E já não cabe mais dizer que “esse discurso não chega na favela” porque é público e notório que a favela produz intelectualidade orgânica de primeira grandeza.
Há tempos que não se sustenta mais essa falácia elitista e genuinamente branca de que o conhecimento e a consciência crítica é restrito aos espaços acadêmicos, até porque temos exemplos nada honrosos de como esses espaços são excludentes e aniquiladores da presença de questionamentos não hegemônicos. E não, de maneira alguma sou ou serei contra a academia, ao contrário, sou a favor sempre de que as mentalidades que ali se desenvolvem e pautam a sociedade com suas pesquisas deixem de falar para si mesmas e sempre as mesmas coisas e passem a dialogar, humildemente, com os saberes populares e não hegemônicos das favelas e periferia, não em tom professoral e, sim, de trocas nutritivas e produtivas para a sociedade.
Mas há também uma questão importante: os debates, incluindo os mais rasos, tendem a se esgotar quando a "vida real" pede um fim prático, efetivo, especialmente aqueles que definem os rumos sociais que tomamos ou rejeitamos.
Todos os debates sobre a discriminalização do aborto estão saturados e já não dizem mais nada. Os argumento são óbvios, mas continuam sendo repetidos com pompa de novidade: trata-se do corpo da mulher, os que são contra não bancam o sustento das crianças que nascem, haja vista a quantidade de crianças abandonadas. O Brasil não regula abandono parental masculino, não resolve a violência de gênero e tampouco age de maneira efetiva no combate ao feminicídio. Não é uma questão religiosa e, sim, de saúde pública. O Estado e o pátrio poder (redundância) não têm permissão para cercear o direito da mulher sobre o próprio corpo, etc. Cientificamente também já estão esgotados os argumentos: até dez semanas de gestação não é um feto, é um embrião ou produto da concepção.

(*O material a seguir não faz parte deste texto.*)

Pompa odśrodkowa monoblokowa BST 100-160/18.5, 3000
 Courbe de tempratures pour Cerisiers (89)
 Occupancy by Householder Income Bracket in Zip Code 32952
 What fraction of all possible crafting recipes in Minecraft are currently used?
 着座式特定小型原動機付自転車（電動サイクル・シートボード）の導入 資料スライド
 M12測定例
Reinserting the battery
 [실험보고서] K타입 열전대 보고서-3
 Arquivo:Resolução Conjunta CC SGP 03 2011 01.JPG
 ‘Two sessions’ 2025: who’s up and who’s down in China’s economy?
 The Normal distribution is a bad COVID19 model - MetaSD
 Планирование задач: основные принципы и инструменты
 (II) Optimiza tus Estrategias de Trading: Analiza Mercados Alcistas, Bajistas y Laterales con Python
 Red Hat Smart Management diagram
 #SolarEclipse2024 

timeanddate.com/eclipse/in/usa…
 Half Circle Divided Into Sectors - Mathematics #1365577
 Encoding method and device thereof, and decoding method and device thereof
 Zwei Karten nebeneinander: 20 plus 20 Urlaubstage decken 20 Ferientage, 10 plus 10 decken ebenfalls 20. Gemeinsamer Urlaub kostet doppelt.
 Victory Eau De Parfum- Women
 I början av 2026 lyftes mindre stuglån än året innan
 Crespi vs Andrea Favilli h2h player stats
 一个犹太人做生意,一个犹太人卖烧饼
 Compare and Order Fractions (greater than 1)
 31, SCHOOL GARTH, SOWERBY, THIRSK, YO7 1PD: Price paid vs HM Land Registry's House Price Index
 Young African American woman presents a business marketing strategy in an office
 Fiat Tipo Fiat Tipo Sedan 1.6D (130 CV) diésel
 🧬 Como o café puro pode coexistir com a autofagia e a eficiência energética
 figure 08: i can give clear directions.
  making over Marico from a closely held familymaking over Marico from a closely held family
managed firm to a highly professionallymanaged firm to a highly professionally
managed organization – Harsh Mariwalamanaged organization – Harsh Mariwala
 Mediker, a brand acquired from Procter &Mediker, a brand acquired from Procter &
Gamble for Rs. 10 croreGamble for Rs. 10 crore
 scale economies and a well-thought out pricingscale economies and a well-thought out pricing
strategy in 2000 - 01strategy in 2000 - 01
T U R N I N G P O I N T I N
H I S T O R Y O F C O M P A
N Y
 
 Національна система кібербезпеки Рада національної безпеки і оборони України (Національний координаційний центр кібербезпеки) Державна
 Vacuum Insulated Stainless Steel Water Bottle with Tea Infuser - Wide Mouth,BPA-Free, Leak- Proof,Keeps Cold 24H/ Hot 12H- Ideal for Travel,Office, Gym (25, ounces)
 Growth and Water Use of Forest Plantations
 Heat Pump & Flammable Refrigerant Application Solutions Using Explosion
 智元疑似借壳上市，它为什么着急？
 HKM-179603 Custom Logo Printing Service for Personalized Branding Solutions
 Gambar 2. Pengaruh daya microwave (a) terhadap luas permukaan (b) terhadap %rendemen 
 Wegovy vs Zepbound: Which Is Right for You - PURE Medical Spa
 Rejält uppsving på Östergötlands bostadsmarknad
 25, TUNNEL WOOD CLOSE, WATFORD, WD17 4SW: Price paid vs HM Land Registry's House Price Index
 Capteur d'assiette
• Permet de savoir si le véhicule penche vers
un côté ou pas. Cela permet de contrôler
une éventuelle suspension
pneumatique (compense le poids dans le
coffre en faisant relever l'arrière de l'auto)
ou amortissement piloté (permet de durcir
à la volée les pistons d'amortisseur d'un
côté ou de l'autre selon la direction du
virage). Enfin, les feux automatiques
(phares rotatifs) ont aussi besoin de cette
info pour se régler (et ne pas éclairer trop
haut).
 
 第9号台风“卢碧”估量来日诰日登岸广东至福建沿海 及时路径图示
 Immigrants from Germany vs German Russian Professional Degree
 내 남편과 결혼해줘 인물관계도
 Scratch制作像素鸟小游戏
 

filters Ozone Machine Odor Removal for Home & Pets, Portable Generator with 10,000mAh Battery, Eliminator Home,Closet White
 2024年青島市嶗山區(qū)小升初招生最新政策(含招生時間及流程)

Quer dizer, já passa da hora de entender que estamos em um debate moral e que o que nos resta é o "tudo ou nada" ou a pergunta que não quer calar:
O Brasil é a favor ou contra a vida DA PESSOA MULHER?
Aliás, um dos poucos "óbvios" que precisa ser dito é justamente esse: mulheres são pessoas já formadas e com a vida em andamento, e, neste caso, têm seu direito de tomar decisões sobre seu próprio corpo cerceado pela moralidade vigente, que é hipócrita, ignorante e severamente autoritária.
E isso, sim, essa celeuma falsa que serve de cortina de fumaça para as reais intenções de quem diz lutar pela vida, mas deseja a morte dos e das que não obedecem os seus delírios autoritários, não deve ser levado em consideração. Não cabe mais debate. É isso também é óbvio, mas por que ninguém quer admitir?
Porque há um interesse confuso na continuidade da celeuma histérica que sobrevive de gritarias que objetivam engajamento lucrativo (para aqueles que já lucram o suficiente) e alimentam a fogueira das vaidades midiáticas e acadêmicas, onde o foco é o exibicionismo intelectual e não soluções para o bem comum, e é também covarde o bastante para não dizer o que não é tão óbvio.
O estado brasileiro age como Pôncios Pilatos, se privando de encarar a questão como disputa política sob pena de perder um eleitorado que nem ao menos conquistou. O Estado brasileiro não quer responder a pergunta sobre até que ponto leva a sério o dever de garantir as liberdades individuais das mulheres.
É preciso fechar esse debate improdutivo, pois o autoritarismo não é apenas delirante, é convenientemente burro e usa de manipulações e desonestidade para fazer valer os direitos que não tem enquanto deixa a turma do “óbvio que precisa ser dito” sem ter realmente o que dizer e sem pressionar quem deve ser pressionado.
Isso turva o entendimento daqueles que querem entender de fato, mas a questão é que, intuitivamente, todos entendem que não é uma discussão sobre dogmas e padrões morais e, sim, de saúde pública e de seriedade das nossas instituições, que ao permanecerem com essa criminalização irresponsável, deprecia a própria autoridade, já que abortos sempre foram e continuarão sendo feitos. Agora, se a resposta do Brasil for categoricamente "não", teremos que lidar com o fato de que estamos em um país que é contrário à vida das mulheres.